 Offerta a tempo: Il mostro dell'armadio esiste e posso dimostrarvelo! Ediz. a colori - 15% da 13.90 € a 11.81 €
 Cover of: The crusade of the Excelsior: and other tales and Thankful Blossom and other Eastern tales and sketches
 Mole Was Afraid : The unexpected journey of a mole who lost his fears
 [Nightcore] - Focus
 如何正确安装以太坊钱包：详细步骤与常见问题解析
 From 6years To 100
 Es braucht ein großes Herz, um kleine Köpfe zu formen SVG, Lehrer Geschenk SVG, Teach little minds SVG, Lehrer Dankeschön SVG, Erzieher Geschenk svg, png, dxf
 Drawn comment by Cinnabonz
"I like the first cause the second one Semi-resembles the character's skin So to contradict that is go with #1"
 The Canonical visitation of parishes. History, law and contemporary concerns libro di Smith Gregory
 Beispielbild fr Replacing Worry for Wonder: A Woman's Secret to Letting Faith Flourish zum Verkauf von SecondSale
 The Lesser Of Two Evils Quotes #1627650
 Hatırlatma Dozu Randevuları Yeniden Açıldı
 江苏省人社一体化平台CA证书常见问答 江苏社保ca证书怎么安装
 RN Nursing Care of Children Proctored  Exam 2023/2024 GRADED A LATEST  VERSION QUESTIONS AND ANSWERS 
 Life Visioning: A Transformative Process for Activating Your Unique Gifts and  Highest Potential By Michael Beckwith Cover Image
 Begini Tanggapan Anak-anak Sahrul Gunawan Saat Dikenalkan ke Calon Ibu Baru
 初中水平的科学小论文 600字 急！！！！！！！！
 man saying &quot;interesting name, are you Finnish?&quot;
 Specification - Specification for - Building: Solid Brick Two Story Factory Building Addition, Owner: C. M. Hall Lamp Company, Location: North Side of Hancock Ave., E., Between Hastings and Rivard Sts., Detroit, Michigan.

_What the task requires_:
Locate the line that contains "The Lesser Of Two Evils Quotes #1627650", then please quote it and every line after it to the end of the entries above, exactly and with nothing else.

_Your response_:
 The Lesser Of Two Evils Quotes #1627650
 Hatırlatma Dozu Randevuları Yeniden Açıldı
 江苏省人社一体化平台CA证书常见问答 江苏社保ca证书怎么安装
 RN Nursing Care of Children Proctored  Exam 2023/2024 GRADED A LATEST  VERSION QUESTIONS AND ANSWERS 
 Life Visioning: A Transformative Process for Activating Your Unique Gifts and  Highest Potential By Michael Beckwith Cover Image
 Begini Tanggapan Anak-anak Sahrul Gunawan Saat Dikenalkan ke Calon Ibu Baru
 初中水平的科学小论文 600字 急！！！！！！！！
 man saying &quot;interesting name, are you Finnish?&quot;
 Specification - Specification for - Building: Solid Brick Two Story Factory Building Addition, Owner: C. M. Hall Lamp Company, Location: North Side of Hancock Ave., E., Between Hastings and Rivard Sts., Detroit, Michigan.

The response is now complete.